The KeenerBlog

Random thoughts from the 60s and beyond.

Thursday, June 23, 2005

The Keener Podcast - Michael Stevens

1/2 of the only family duo to appear on WKNR, Michael Stevens was part of Keener's final run for glory. The brother of legendary New York air ace Pat St. John went on to a long and successful career in public relations and promotions, but in 2003 he came back to ride the airwaves one more time during Keener's Woodward Dream Cruise iteration. Michael still has his broadcasting chops as you'll hear in this uncut aircheck from the broadcast, which features music from Rare Earth, the Rationals, Gladys Knight, David Ruffin and more. For anyone who appreciates a combination of precise execution, wit and eclectic musical taste, this Dream Cruise moment is a lesson in excellence.

Hear the show 56 minutes 52 MB MP3

Remember When You Were A Kid?

Written by Ed Labunaki
Originally sung for Faygo by Kenny Karen

Comic books and rubber bands
Climb into the tree top
Falling down and holding hands
Tricycles and Redpop
Pony rides and Sunday nights
Roller skates and snowball fights
Climbin' through the window
Remember when you were a kid?
Well, part of you still is
And that's why we make Faygo
Faygo remembers
Flying kites and funny shoes
Easter eggs with speckles
ABCs and counting by twos
Washing off the freckles
Kissing a hurt to make it stop
Startin' school in September
So many things you almost forgot
Tryin' to remember
Remember when you were a kid?
Well, part of you still is
And that's why we make Faygo
Faygo remembers

Friday, June 17, 2005

The Keener Podcast - Summer Songs

Summer Songs that charted during June on the WKNR Music Guide, including Dionne Warwick, the Yardbirds, the Cyrcle, the Arrows, Brazil 66 and Jackie DeShannon. We have two Keener retro-mercials, Contact News director Philip Nye with summertime news headlines and a classic Bob Green aircheck from 1967.

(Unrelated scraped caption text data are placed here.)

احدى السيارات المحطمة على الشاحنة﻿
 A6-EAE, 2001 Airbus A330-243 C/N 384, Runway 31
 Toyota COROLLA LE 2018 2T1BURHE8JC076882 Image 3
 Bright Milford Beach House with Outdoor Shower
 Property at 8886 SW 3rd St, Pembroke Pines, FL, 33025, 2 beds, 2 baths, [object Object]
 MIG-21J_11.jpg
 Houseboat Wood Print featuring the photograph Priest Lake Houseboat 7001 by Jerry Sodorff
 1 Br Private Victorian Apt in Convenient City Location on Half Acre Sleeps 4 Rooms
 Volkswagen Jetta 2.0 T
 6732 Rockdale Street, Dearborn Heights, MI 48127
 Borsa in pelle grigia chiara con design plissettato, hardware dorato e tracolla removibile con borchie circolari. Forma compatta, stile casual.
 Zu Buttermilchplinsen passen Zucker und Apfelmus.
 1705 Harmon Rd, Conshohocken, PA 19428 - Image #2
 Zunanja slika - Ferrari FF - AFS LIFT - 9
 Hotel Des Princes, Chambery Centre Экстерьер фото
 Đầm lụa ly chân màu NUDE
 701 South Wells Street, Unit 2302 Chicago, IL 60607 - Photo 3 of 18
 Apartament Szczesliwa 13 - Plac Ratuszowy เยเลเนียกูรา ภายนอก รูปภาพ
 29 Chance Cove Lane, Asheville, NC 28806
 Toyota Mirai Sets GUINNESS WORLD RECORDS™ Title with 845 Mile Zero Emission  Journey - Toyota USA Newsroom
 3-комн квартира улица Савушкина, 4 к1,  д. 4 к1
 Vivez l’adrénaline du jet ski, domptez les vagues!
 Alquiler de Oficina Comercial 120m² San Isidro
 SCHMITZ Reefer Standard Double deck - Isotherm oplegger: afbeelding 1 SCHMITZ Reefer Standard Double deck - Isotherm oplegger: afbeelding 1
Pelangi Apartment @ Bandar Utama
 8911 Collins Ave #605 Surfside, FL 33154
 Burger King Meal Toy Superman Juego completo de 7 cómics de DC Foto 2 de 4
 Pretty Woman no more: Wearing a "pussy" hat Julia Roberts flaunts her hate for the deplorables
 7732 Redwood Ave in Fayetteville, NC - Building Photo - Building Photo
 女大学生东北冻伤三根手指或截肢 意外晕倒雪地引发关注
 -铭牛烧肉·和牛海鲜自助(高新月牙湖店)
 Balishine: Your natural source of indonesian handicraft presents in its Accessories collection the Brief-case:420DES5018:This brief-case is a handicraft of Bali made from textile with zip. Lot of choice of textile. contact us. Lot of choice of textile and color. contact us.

Hear the show 32:30 30 MB MP3

Franken gets kudos.. and the hook

Like him or not, Al Franken always generates buzz. According to Art Vuolo, he did just that at the New Media Seminar in New York.

Wednesday, June 15, 2005

Can Jack be far behind?

From Michiguide: Oldies WOMC-FM 104.3 announced today the appointment of Kevin Murphy as vice president/general manager of the station. Murphy joins WOMC from Rochester, NY where he was senior vice president/market manager overseeing four stations for Infinity. Murphy has been with Infinity Broadcasting for the last nine years- prior his role in Rochester, he was senior vice president/director of sales for the Buffalo cluster for seven years.

In announcing the appointment, Infinity Broadcasting’s Scott Herman, executive vice president eastern region said, "WOMC is an important heritage radio station and we felt it was important to assign one of our company’s best to be solely dedicated to this mission."

"I am both honored and excited to have the opportunity to lead WOMC and to join the great management team Infinity already has in place in Detroit," commented Murphy. He'll replace Steve Schram who will maintain his roles as general manager for Country WYCD-FM 99.5 and as director of sales for Infinity's six station Detroit cluster.

Monday, June 13, 2005

WCBS and the Future of Radio

(From the June 13th Keener 13 Podcast at www.keener13.com) On June 3rd at precisely 5 PM Eastern Daylight time, Summer Wind by Frank Sinatra faded out and with it, the oldies legacy at WCBS-FM. Earlier that day, a party was held to celebrate the success that former Monkee Mickey Dolenz was having at the helm of the WCBS-FM morning show. But almost as soon as the ice had melted in the water glasses, the air-staff was called into a meeting and told that the station was changing formats, and they would all be out of jobs.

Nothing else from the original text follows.